Años de recomendaciones, primero de Kubelick, luego de Pepa, y por último de Mariola, no habían hecho mella en mí. Pero cuando fue una alumna de 2º de la ESO la que hace poco me recomendó a Jane Austen, supe que no podía posponerla más. Esa misma tarde, después del instituto, me fui a la Casa del Libro, comparé entre varias traducciones, y me llevé Orgullo y prejuicio a casa.
Toda mi vida pensando que el origen de las comedias románticas que más me gustan estaba en Historias de Philadelphia, y ahora, al terminarme el libro, me doy cuenta de que el germen y la chispa original no estaba en el cine, sino en la literatura inglesa de más de un siglo antes.
Lo que al principio más me ha sorprendido de la Austen es el increíble ritmo con el que comienza la historia. No me he encontrado ni las descripciones ni las reflexiones filosóficas que me esperaba, al estilo de las de La Regenta (por comparar con un español). Será literatura decimonónica, pero la cosa va mucho más rápido y tiene mucho más suspense que muchas narraciones actuales.

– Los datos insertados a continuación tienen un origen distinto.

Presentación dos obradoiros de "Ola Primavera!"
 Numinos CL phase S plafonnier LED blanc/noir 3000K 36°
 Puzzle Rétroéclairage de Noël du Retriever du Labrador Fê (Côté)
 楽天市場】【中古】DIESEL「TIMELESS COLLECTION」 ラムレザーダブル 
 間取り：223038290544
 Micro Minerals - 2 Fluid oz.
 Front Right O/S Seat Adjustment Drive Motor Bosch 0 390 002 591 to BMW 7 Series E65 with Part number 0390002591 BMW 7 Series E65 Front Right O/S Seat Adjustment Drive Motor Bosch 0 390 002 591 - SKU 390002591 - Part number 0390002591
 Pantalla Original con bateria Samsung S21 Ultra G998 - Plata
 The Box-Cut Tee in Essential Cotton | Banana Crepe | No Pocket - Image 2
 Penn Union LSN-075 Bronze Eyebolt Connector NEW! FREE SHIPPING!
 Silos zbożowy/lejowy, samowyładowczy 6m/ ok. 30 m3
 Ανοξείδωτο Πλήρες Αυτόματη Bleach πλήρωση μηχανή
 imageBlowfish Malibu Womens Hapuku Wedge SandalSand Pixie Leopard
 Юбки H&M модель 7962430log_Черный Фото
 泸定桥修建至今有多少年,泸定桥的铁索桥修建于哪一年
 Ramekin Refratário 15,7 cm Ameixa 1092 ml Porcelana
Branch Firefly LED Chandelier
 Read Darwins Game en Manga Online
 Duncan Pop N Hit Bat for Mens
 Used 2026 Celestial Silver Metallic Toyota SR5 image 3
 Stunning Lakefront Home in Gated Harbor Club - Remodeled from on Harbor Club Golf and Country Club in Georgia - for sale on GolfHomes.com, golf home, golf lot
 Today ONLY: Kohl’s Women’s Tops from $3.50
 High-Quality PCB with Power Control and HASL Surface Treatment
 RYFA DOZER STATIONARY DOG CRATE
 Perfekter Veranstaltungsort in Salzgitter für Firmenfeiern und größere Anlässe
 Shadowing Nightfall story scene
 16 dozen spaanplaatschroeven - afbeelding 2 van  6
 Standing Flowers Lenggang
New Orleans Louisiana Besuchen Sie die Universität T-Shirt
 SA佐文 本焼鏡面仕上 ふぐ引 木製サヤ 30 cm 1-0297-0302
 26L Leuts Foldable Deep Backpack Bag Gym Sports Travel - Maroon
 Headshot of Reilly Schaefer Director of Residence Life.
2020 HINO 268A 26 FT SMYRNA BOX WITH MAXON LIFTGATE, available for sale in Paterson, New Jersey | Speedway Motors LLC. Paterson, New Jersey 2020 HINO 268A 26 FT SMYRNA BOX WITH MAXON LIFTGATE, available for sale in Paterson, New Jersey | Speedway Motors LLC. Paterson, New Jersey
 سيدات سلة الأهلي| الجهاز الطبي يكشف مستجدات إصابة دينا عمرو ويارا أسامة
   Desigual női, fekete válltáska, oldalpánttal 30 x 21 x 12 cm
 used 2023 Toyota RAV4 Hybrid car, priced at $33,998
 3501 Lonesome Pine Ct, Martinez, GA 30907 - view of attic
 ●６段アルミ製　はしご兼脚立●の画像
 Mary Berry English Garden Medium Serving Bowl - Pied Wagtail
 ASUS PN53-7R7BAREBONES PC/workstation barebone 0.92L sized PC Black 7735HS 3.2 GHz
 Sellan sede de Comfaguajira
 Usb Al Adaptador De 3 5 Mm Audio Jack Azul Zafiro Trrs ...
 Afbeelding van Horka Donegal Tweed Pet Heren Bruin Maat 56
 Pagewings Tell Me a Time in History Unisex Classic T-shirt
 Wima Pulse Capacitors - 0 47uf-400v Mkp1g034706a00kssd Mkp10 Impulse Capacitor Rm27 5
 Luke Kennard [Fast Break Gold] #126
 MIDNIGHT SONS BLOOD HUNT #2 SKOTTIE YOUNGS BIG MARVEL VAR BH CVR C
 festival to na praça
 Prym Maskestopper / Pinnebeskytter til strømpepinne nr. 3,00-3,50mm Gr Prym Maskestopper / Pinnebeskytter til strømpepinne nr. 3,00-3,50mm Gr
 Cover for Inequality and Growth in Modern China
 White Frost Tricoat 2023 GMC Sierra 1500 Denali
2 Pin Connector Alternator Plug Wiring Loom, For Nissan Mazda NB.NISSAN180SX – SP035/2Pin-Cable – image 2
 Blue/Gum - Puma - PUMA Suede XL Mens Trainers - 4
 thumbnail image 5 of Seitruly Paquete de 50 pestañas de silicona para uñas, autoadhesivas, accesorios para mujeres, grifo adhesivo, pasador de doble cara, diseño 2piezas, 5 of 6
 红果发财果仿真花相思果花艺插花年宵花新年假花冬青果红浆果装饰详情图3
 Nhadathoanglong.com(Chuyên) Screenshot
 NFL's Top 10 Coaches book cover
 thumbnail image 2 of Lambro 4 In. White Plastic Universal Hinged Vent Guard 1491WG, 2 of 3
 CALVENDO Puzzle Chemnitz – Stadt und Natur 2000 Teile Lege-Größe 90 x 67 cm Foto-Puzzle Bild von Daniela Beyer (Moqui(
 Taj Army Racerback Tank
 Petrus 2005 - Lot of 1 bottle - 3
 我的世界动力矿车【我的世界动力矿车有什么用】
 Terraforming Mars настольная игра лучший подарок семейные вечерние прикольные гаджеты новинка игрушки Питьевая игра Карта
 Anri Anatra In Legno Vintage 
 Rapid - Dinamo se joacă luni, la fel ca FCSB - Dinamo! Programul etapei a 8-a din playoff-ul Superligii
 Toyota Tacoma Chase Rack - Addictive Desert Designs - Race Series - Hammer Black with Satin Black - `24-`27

No quiero decir con esto que a la novela no le falte una tesis. Claro que la hay, pero la Austen es inteligente y sutil como pocos, y no pierde el tiempo con reflexiones panfletarias. La crítica social y la ironía están ahí, pero no por eso tiene que sacrificar la historia ni ser corrosiva. Austen es más inteligente que todo eso, precisamente porque no tiene necesidad de aparentar esa superior inteligencia. Y además es generosa, porque nunca quiere quedar por encima de sus personajes, sino que les tiene un profundo respeto. Todas las virtudes se las cede a Elizabeth y a Darcy, geniales como pocos personajes de la literatura, y sin necesidad de ser unos excéntricos.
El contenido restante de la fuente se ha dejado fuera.